From the records below, determine the number of lines containing "three". Output that number alone.

**Source material:**
Start of Block
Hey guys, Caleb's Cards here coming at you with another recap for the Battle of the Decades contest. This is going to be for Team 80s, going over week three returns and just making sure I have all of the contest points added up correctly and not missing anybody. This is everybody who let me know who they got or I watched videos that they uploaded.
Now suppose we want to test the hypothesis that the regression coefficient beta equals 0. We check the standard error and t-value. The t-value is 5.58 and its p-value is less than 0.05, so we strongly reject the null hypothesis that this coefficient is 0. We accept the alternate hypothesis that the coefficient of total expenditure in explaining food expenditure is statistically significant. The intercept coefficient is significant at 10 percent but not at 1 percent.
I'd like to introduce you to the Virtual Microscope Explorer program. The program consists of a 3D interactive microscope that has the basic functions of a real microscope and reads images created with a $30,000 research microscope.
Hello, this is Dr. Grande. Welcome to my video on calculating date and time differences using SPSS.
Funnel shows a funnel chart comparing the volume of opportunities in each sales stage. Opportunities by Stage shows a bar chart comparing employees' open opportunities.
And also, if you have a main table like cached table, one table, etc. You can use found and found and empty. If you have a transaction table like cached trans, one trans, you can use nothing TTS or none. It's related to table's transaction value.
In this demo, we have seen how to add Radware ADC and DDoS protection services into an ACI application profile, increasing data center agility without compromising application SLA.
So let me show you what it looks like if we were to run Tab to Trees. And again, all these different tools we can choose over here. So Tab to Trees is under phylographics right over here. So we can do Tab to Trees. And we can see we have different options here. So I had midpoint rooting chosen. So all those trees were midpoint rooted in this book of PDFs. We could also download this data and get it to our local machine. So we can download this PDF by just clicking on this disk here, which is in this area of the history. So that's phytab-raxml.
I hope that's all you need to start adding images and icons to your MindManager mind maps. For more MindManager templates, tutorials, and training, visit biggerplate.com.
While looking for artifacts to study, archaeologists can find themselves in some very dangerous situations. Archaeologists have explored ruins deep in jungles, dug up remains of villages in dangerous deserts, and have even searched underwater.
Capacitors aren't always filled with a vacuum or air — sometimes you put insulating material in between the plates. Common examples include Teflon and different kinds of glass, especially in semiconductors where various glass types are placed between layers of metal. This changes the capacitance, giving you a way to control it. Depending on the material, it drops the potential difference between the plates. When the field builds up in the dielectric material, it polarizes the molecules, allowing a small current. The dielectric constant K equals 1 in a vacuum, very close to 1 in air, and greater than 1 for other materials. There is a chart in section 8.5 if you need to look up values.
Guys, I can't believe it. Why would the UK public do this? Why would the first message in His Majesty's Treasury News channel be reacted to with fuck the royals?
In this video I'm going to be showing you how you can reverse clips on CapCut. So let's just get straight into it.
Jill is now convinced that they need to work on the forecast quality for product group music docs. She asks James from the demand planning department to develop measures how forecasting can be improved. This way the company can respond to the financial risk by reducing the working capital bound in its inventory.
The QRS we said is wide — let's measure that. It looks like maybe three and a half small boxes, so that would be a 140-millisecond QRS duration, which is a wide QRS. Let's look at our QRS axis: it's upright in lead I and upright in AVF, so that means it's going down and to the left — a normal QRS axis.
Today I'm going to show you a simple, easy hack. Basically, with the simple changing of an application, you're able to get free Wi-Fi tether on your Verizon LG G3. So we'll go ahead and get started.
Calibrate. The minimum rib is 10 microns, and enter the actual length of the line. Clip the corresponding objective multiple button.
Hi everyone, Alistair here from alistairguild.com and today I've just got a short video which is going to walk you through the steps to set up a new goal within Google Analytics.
End of Block
**Output below:**
2